MOC 20480C: Programming in HTML5 with JavaScript and CSS3

Module 1: Overview of HTML and CSS

This module reviews the basics of HTML and CSS, and introduces the tools that this course uses to create HTML pages and style sheets.

Lessons

  • Overview of HTML
  • Overview of CSS
  • Creating a Web Application by Using Visual Studio 2017

Lab: Exploring the Contoso Conference Application

  • Exploring the Contoso Conference Application
  • Examining and Modifying the Contoso Conference Application

After completing this module, students will be able to:

  • Explain how to use HTML elements and attributes to lay out a web page.
  • Explain how to use CSS to apply basic styling to a web page.
  • Describe the tools that Microsoft Visual Studio provides for building web applications.

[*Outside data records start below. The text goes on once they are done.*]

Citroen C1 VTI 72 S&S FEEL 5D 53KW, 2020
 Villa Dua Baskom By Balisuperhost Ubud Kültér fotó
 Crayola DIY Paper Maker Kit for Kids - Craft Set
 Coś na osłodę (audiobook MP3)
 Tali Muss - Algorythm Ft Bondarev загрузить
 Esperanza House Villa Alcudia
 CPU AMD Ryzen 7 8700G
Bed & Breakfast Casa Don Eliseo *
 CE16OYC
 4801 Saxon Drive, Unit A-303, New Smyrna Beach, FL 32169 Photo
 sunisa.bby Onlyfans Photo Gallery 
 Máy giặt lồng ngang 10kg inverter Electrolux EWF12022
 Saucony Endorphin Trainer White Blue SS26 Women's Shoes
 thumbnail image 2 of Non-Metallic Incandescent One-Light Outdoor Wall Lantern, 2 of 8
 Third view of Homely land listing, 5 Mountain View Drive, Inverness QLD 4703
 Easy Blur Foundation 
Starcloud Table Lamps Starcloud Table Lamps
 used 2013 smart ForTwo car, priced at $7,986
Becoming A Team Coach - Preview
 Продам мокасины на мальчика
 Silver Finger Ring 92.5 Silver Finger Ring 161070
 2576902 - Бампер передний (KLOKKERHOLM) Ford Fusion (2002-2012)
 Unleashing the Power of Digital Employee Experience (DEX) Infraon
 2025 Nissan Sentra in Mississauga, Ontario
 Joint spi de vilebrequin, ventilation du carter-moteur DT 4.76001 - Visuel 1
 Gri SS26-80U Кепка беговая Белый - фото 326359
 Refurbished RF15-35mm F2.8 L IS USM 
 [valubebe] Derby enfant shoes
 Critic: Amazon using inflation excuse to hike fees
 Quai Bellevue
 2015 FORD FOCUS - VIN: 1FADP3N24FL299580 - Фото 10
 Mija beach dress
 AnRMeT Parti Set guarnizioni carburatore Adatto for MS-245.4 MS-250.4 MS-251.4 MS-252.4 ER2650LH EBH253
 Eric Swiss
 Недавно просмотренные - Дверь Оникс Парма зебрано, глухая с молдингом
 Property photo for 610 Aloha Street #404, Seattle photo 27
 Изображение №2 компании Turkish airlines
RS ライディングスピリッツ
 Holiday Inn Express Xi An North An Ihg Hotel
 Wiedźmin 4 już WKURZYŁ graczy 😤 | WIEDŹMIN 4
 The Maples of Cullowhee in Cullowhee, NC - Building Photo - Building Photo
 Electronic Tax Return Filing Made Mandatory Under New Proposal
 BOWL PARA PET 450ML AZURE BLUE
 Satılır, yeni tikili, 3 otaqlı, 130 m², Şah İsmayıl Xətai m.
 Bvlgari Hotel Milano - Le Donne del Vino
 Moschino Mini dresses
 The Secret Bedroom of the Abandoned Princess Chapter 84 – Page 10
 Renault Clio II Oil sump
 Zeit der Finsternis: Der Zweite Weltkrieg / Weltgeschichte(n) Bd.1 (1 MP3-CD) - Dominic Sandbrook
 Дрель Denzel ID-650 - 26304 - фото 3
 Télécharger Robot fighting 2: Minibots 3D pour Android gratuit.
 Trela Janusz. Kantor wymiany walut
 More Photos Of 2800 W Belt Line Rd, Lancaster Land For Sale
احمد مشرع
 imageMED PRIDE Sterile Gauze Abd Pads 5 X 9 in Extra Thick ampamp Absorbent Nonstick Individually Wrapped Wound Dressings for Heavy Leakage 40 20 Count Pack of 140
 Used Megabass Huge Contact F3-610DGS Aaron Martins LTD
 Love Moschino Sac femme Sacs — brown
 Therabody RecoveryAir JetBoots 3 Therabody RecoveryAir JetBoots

Module 2: Creating and Styling HTML Pages

This module introduces HTML5, describes its new features, demonstrates how to present content by using the new features in HTML5, and how to style this content by using CSS.

Lessons

  • Creating an HTML5 Page
  • Styling an HTML5 Page

Lab: Creating and Styling HTML5 Pages

  • Creating HTML5 Pages
  • Styling HTML pages

After completing this module, students will be able to:

  • Describe the purpose of and new features in HTML5, and explain how to use new HTML5 elements to lay out a web page.
  • Explain how to use CSS to style the layout, text, and background of a web page.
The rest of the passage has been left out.